• [EXERCISE]: Without any pictures, print the lines below from the one that has "Player holding a chess piece" through the one that has "two black chairs", exactly and nothing else.
··········
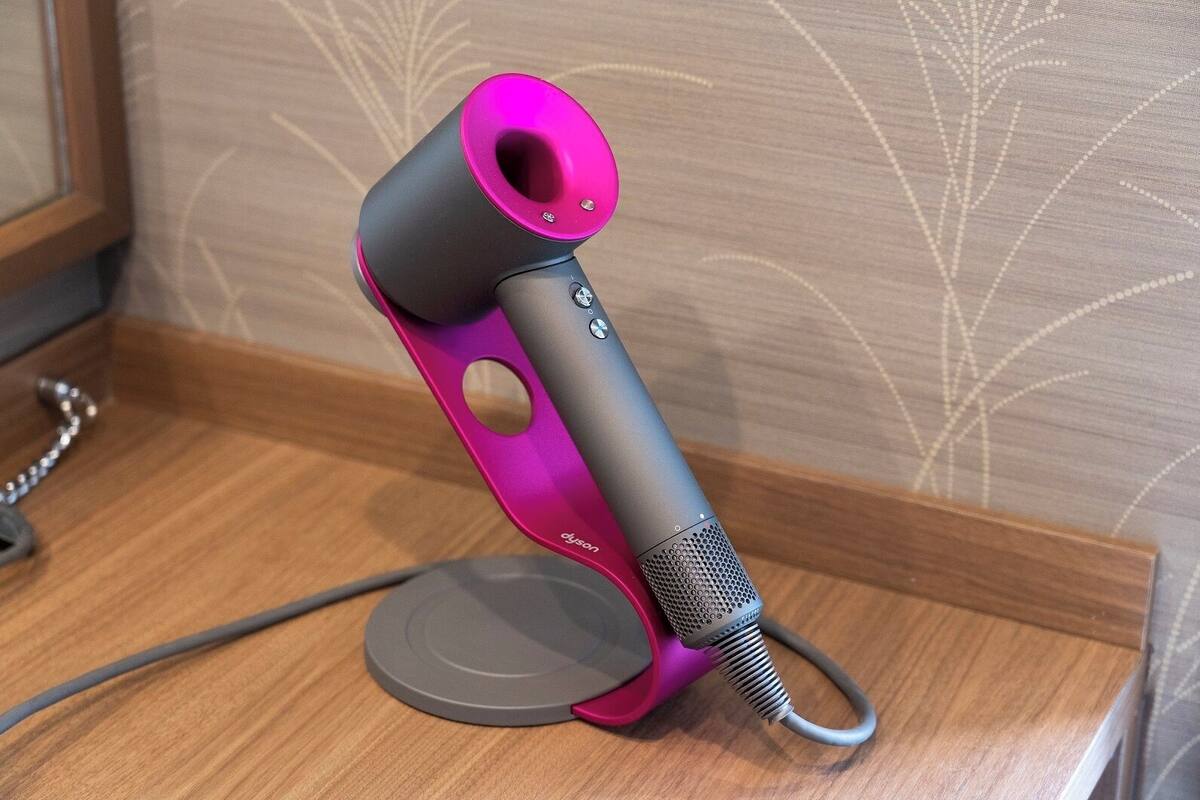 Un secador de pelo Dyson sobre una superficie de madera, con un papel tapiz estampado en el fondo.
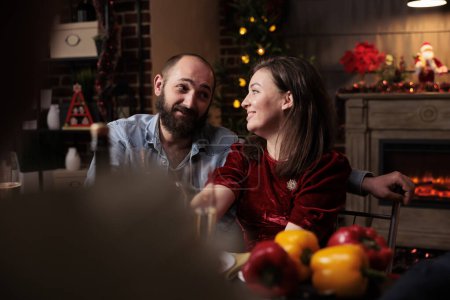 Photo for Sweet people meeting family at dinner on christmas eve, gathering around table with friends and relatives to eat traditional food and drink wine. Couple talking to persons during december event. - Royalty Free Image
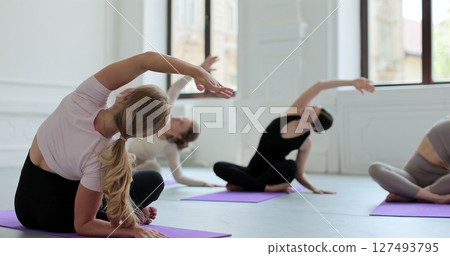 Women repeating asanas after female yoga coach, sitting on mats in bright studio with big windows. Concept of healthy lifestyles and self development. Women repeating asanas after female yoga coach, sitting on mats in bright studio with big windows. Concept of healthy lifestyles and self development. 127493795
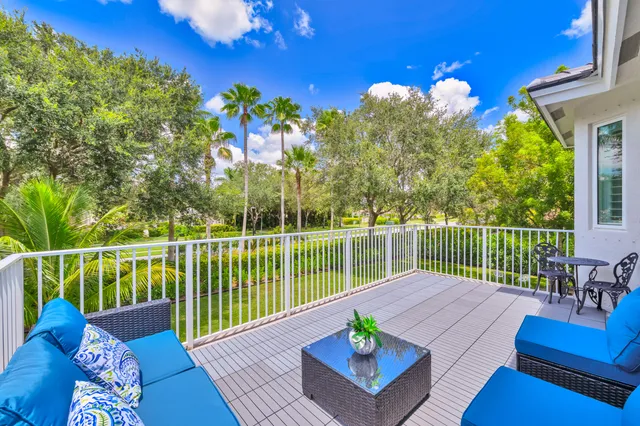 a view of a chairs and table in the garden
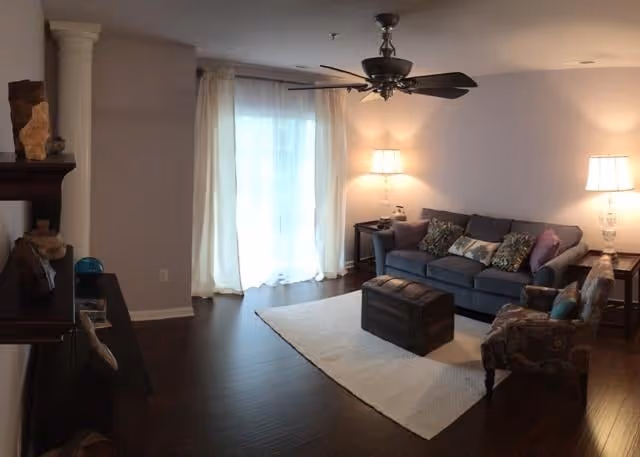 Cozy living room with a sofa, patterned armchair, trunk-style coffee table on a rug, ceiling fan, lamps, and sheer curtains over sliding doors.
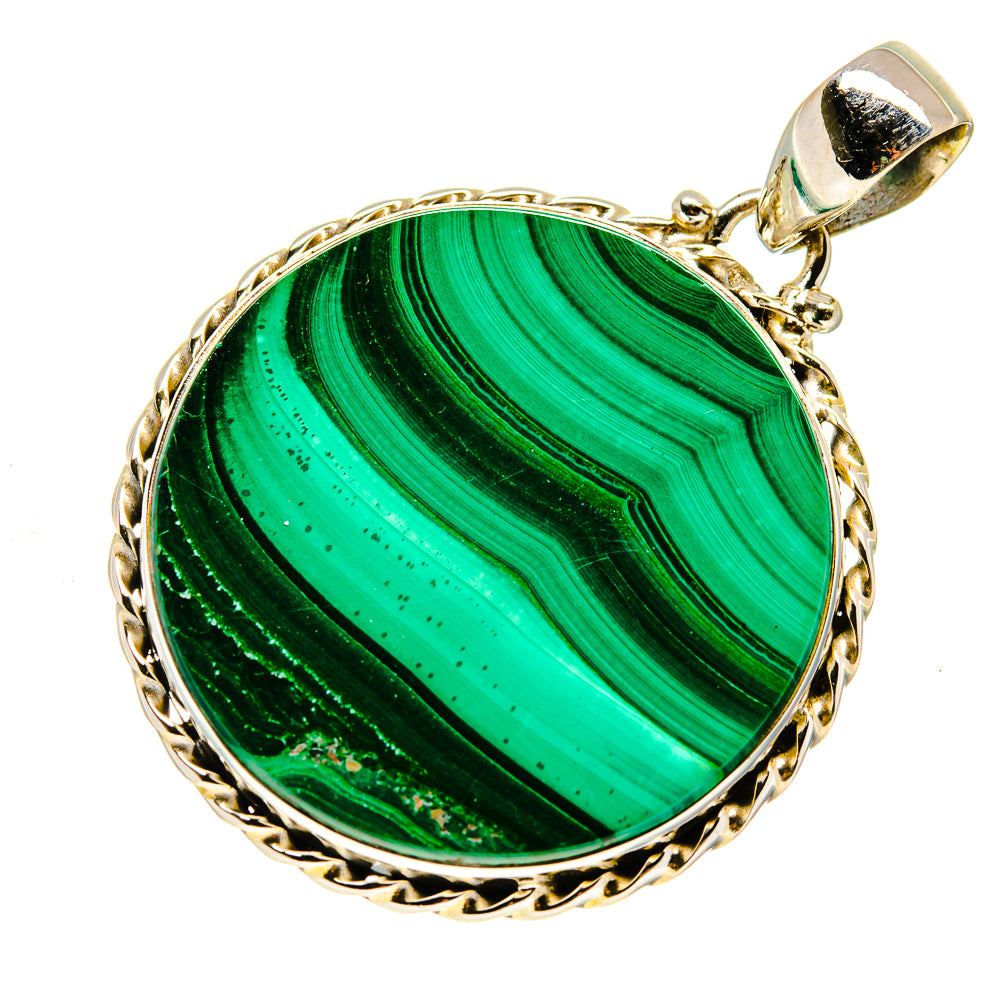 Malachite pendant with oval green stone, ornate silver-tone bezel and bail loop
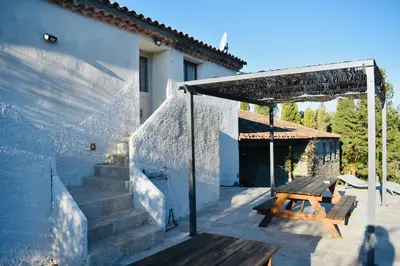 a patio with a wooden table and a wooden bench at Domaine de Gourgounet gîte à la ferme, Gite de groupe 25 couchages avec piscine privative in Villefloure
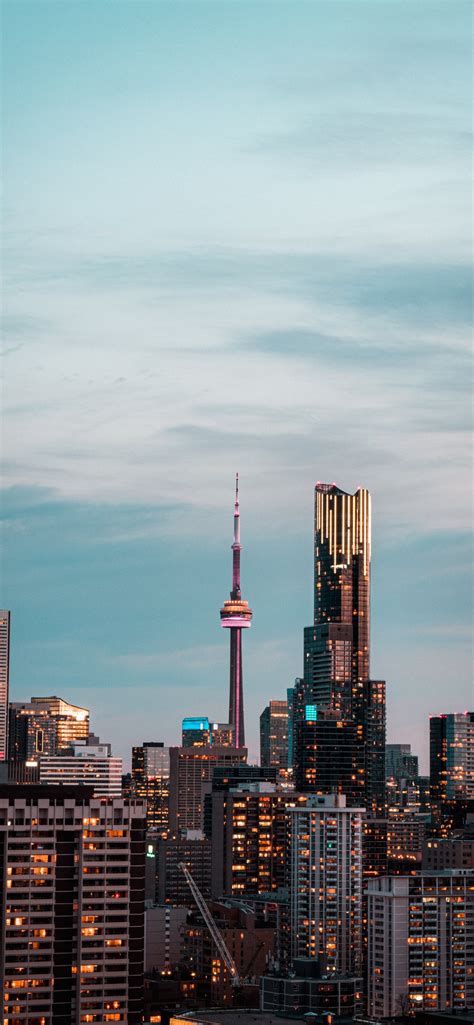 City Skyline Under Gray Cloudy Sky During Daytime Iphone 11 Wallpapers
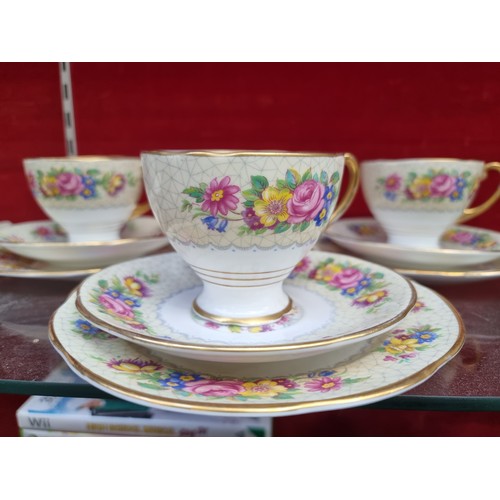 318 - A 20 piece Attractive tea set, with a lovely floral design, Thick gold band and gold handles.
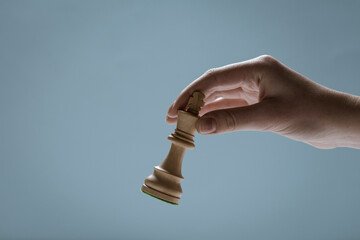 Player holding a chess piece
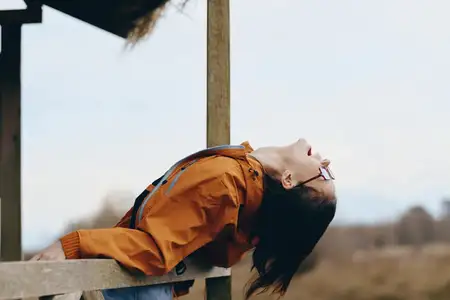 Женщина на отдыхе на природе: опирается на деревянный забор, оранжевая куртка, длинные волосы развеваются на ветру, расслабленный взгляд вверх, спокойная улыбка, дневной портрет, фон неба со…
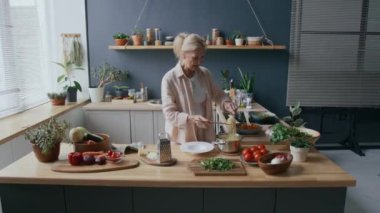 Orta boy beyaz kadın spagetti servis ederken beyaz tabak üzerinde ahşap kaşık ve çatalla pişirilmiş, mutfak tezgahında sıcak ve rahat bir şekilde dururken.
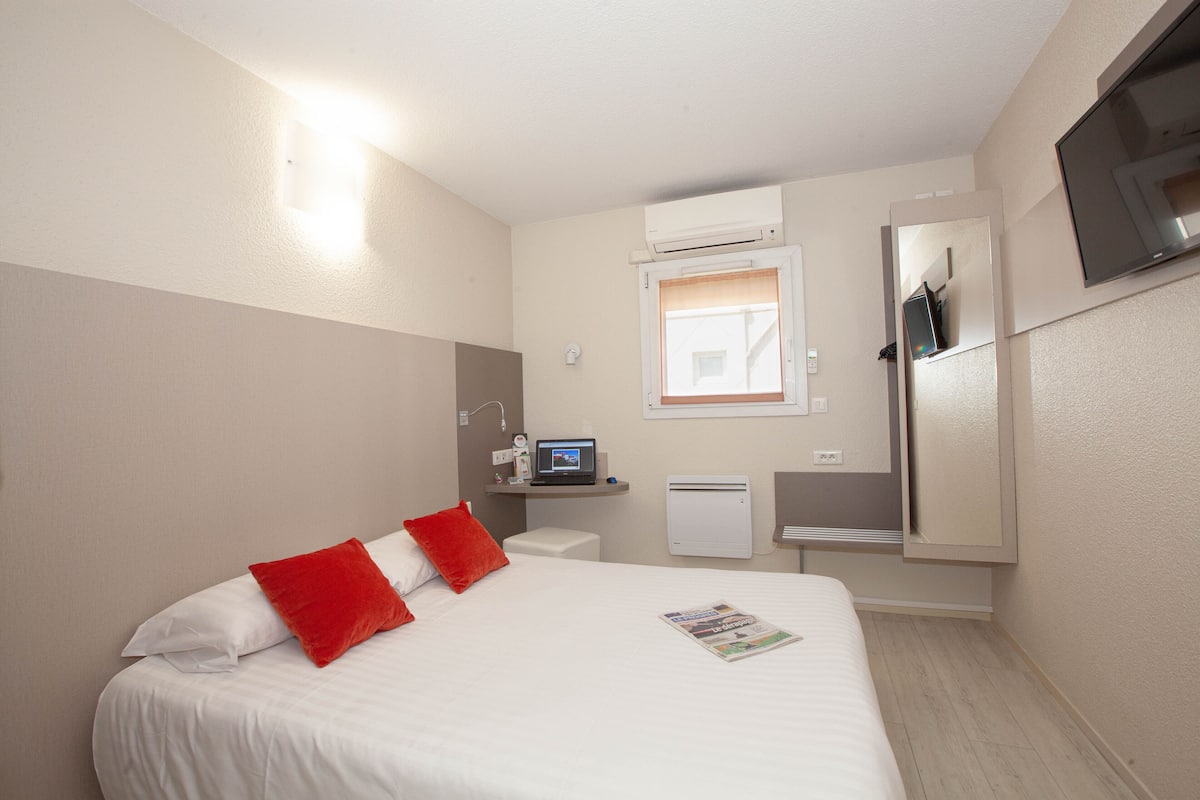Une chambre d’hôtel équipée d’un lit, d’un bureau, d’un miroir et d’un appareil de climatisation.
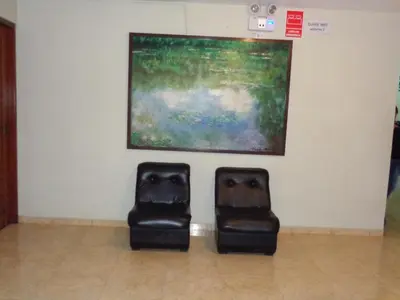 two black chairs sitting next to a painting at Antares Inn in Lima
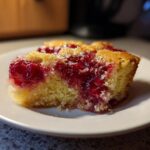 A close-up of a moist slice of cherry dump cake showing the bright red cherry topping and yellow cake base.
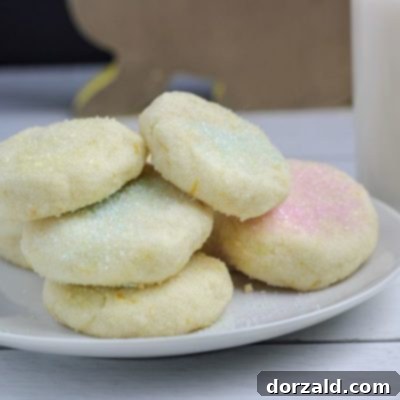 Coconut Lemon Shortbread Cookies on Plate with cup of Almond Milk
··········
• [SOLUTION TO THIS EXERCISE]:
 Player holding a chess piece
 Женщина на отдыхе на природе: опирается на деревянный забор, оранжевая куртка, длинные волосы развеваются на ветру, расслабленный взгляд вверх, спокойная улыбка, дневной портрет, фон неба со…
 Orta boy beyaz kadın spagetti servis ederken beyaz tabak üzerinde ahşap kaşık ve çatalla pişirilmiş, mutfak tezgahında sıcak ve rahat bir şekilde dururken.
Une chambre d’hôtel équipée d’un lit, d’un bureau, d’un miroir et d’un appareil de climatisation.
 two black chairs sitting next to a painting at Antares Inn in Lima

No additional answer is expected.